The following are relevant parameters to `train.py`:

* `--exp-name`: Experiment name, will be used as group name for `wandb`.
* `--instance_prefix`: Experiment instance name, will be used as run name for `wandb`.
* `--env`: The environment we are training on: can be `reach_obstacle`, `pointmaze_obstacle`, `cardiogenesis`, or a custom environment.
* `--dataset_path`: Relative path to training data. Should begin with `dataset/...`
* `--n_head`: Number of attention heads
* `--n_layer`: Number of attention layers
* `--embed_dim`: Embedding dimensionality (should be a multiple of `n_head`)
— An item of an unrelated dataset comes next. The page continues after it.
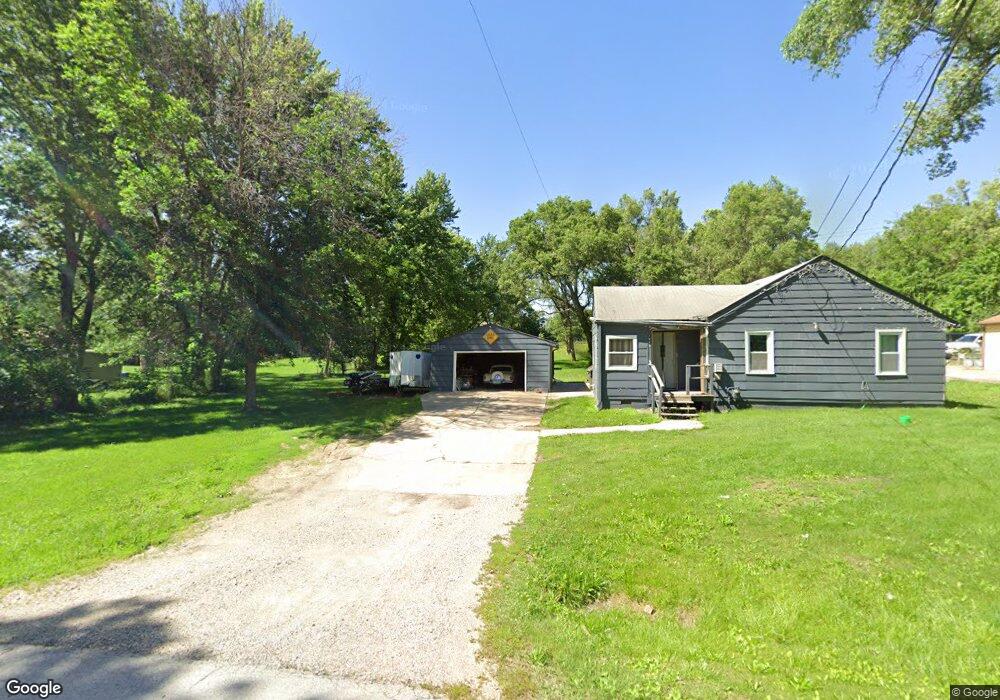 1870 E Marion St, Des Moines, IA 50320 - photo 1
* `--K`: Context length, should match `max_ep_len`
* `--max_ep_len`: Max episode length, should match `K`
* `--batch_size`: Batch size
* `--test_eval_interval`: How often to run a round of evaluation during training (in training steps)
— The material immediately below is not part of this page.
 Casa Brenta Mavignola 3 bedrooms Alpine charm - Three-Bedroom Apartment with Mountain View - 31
* `--max_iters`: Maximum number of training steps
* `--scheduler`: Learning rate scheduler: can be `lambdalr` or `cosinewarmuprestarts`
* `--T_0`: The `T_0` parameter to the `cosinewarmuprestarts` scheduler (enter 10x the number desired)
* `--warmup_steps`: Number of warmup steps (enter 10x the number desired)
* `--avoid_prompt`: Indicator flag; if present, avoid prompts will be supported, otherwise MGPO is used
* `--max_avoid_prompt_len`: Maximum avoid prompt length, set conservatively
* `--adelta`: Attention boosting delta to the prompt
* `--alpha1`: Balance constant $\alpha$ (as notated in the paper) in the loss function
* `--num_eval_episodes`: Number of evaluation episodes during a round of evaluation
* `--buffer_size`: Set to half of the width of the desired avoid box size
* `--bsa_box_size`: If running for `reach_obstacle` environment, set to half the width of the avoid box desired in the evaluation environment. If specifying this, do not specify `buffer_size`.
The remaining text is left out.